Brief
Below are records to be transcribed exactly; any pictures should be left out.

[Records from a data source]
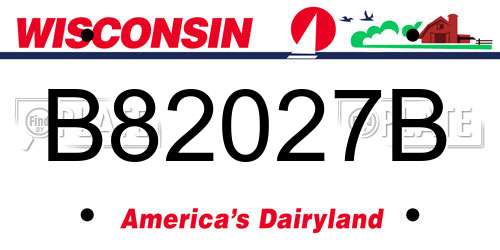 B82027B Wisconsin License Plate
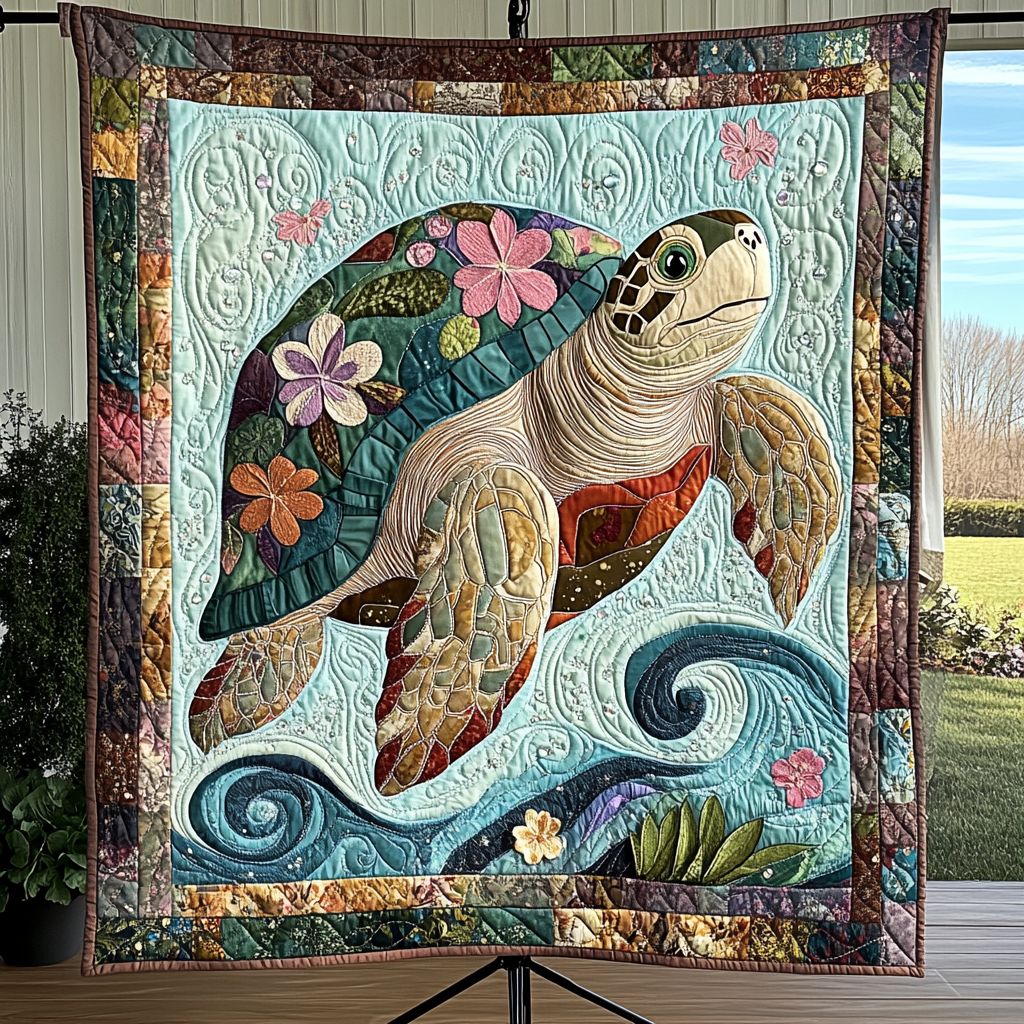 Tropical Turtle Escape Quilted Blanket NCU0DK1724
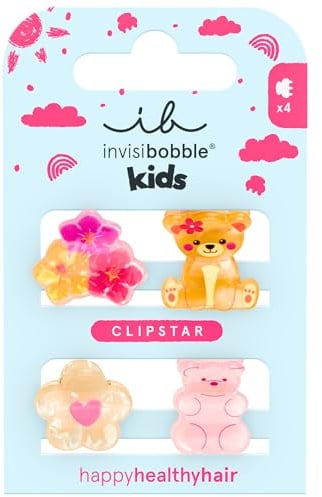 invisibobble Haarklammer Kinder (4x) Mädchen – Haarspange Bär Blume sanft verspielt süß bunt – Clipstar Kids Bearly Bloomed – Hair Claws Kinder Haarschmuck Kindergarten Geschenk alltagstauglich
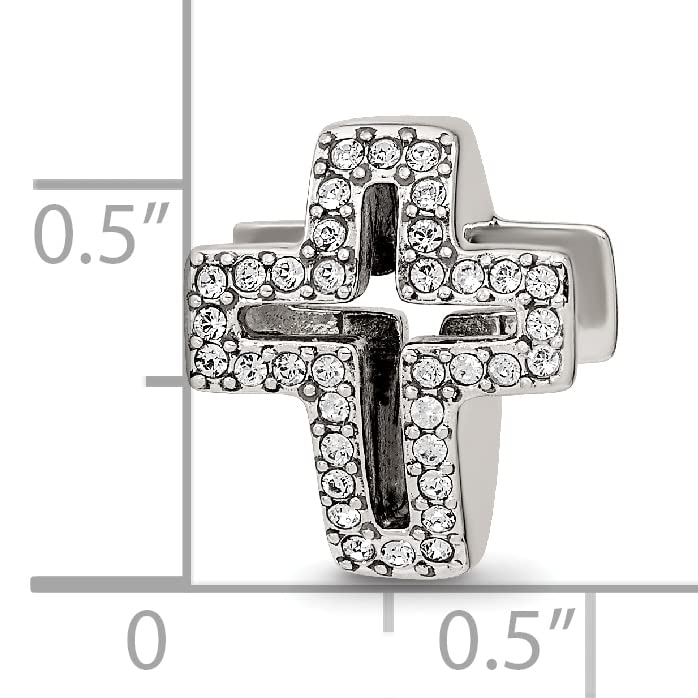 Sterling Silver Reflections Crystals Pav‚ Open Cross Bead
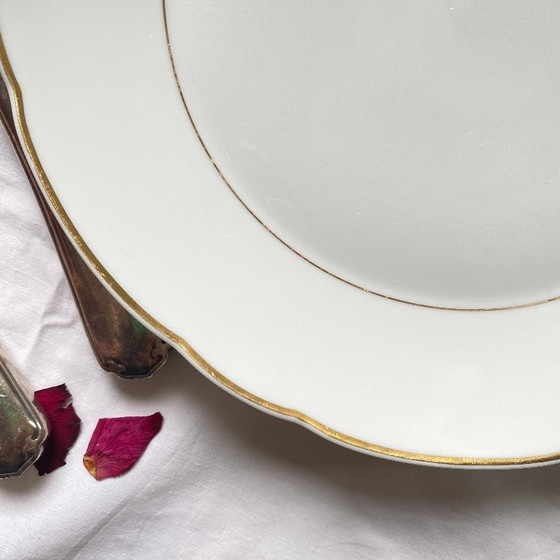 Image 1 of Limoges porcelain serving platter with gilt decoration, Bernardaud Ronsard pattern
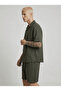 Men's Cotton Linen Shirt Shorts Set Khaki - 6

Exercise solution
 B82027B Wisconsin License Plate
 Tropical Turtle Escape Quilted Blanket NCU0DK1724
 invisibobble Haarklammer Kinder (4x) Mädchen – Haarspange Bär Blume sanft verspielt süß bunt – Clipstar Kids Bearly Bloomed – Hair Claws Kinder Haarschmuck Kindergarten Geschenk alltagstauglich
 Sterling Silver Reflections Crystals Pav‚ Open Cross Bead
 Image 1 of Limoges porcelain serving platter with gilt decoration, Bernardaud Ronsard pattern
 Men's Cotton Linen Shirt Shorts Set Khaki - 6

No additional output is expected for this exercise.